Though the school was small, she thought best to follow the routine of the town school, and have each class come forward to recite. Ruby was alone in her class, so she must know every answer perfectly, for there was no one to help her by answering some of the questions. Laura let her spell slowly, and if she made a mistake, she might try again. She spelled every word in her lesson. Tommy was slower, but Laura gave him time to think and try, and he did as well.
Then Martha and Charles and Clarence recited their spelling. Martha made no mistakes, but Charles missed five words and Clarence missed three. For the first time, Laura must punish them.
“You may take your seat, Martha,” she said. “Charles and Clarence, go to the blackboard, and write the words you missed, three times each.”
Charles slowly went, and began to write his words. Clarence glanced back at Laura with a saucy look. Rapidly he wrote large and sprawling letters that covered his half of the blackboard with only six words. Then turning toward Laura, and not even raising his hand for permission to speak, he said, “Teacher! The board’s too small.”
He was making a joke of punishment for failing in his lesson. He was defying Laura.
For a long, dreadful moment he stood laughing at her, and she looked straight at him.
Then she said, “Yes, the board is small, Clarence. I am sorry, but you should erase what you have written and write the words again more carefully. Make them smaller, and there will be room enough.”
He had to obey her, for she did not know what she could do if he did not.

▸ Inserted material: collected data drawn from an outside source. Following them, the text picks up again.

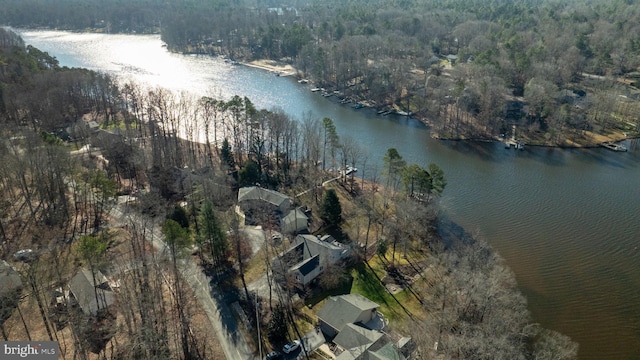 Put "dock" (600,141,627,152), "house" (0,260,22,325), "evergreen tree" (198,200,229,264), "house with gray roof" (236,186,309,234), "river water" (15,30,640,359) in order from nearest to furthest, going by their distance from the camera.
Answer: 1. "house" (0,260,22,325)
2. "river water" (15,30,640,359)
3. "evergreen tree" (198,200,229,264)
4. "house with gray roof" (236,186,309,234)
5. "dock" (600,141,627,152)

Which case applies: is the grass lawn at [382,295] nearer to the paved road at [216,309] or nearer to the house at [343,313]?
the house at [343,313]

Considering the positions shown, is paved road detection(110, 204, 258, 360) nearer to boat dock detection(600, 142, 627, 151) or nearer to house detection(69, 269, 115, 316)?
house detection(69, 269, 115, 316)

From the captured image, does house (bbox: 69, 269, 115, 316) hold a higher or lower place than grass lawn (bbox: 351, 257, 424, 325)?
higher

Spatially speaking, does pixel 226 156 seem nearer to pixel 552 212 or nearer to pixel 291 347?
pixel 291 347

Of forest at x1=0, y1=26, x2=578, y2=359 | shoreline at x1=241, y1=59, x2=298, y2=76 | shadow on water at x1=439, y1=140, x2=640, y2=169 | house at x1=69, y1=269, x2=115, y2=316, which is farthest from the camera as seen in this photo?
shoreline at x1=241, y1=59, x2=298, y2=76

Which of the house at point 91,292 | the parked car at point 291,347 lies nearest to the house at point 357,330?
the parked car at point 291,347

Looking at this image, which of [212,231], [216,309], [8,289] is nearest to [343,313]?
[216,309]

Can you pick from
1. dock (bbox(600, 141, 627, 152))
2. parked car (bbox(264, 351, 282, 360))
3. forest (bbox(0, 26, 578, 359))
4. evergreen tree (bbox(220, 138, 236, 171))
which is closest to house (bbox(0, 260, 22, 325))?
forest (bbox(0, 26, 578, 359)) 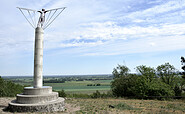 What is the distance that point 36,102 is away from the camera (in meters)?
11.1

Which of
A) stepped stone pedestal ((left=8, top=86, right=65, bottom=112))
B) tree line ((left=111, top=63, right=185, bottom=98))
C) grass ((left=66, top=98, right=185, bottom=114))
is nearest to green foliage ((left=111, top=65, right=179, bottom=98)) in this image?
tree line ((left=111, top=63, right=185, bottom=98))

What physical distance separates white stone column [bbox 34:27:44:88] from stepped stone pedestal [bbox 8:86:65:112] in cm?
93

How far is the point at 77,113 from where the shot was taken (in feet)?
34.0

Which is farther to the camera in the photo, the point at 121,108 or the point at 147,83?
the point at 147,83

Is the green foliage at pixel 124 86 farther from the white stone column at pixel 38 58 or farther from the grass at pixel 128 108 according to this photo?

Still grinning, good-naturedly he turned to the blackboard and wiped out the scrawls. He wrote the three words three times each, and below them he signed his name with a flourish.
With relief, Laura saw that it was four o’clock.

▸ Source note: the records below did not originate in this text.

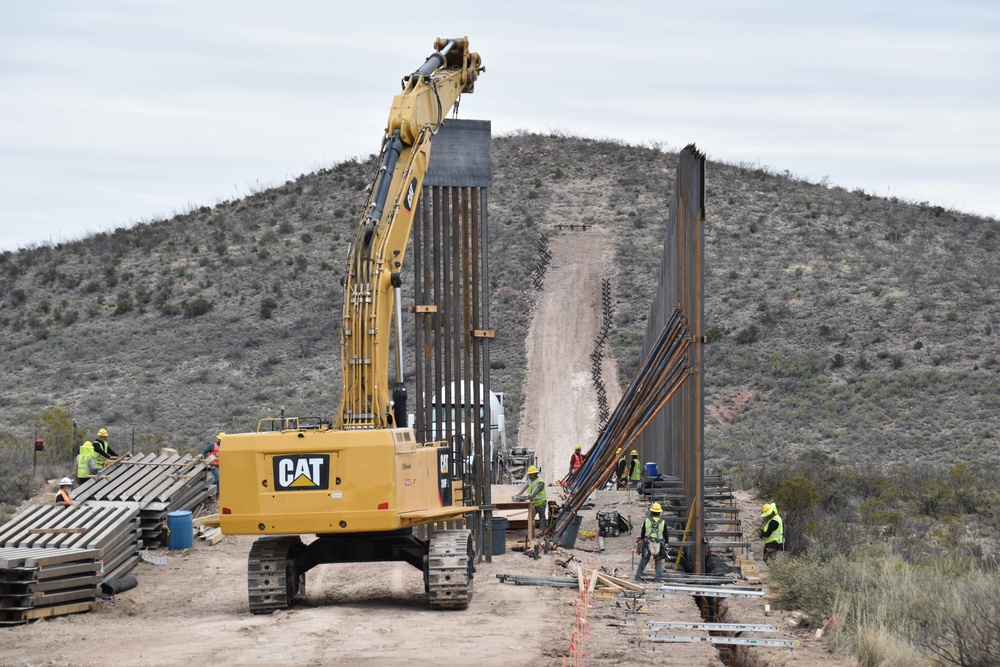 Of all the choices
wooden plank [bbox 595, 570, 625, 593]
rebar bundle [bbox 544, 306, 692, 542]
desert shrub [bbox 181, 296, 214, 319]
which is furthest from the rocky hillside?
wooden plank [bbox 595, 570, 625, 593]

“You may put away your books,” she said. When every book was neat on the shelves beneath the desk tops, she said, “School is dismissed.”
Clarence grabbed his coat and cap and muffler from their nail and with a shout he was first through the door’ way. Tommy was at his heels, but they waited outside while Laura helped Ruby into her coat and tied her hood. More soberly, Charles and Martha wrapped themselves well against the cold before they set out. They had a mile to walk.
Laura stood by the window and watched them go. She could see Mr. Brewster’s brother’s claim shanty, only half a mile away. Smoke blew from its stovepipe and its west window glinted back the light from the sinking sun. Clarence and Tommy scuffled in the snow, and Ruby’s red hood bobbed along behind them. So far as Laura could see from the eastern window, the sky was clear.
The school shanty had no window from which she could see the northwest. If a blizzard came up, she could not know that it was coming until it struck.
She cleaned the blackboard, and with the broom she swept the floor. A dustpan was not needed, the cracks between the floorboards were so wide. She shut the stove’s drafts, put on her wraps, took her books and dinner pail, and shutting the door carefully behind her, she set out on her morning path toward Mrs. Brewster’s house.
Her first day as a teacher was over. She was thankful for that.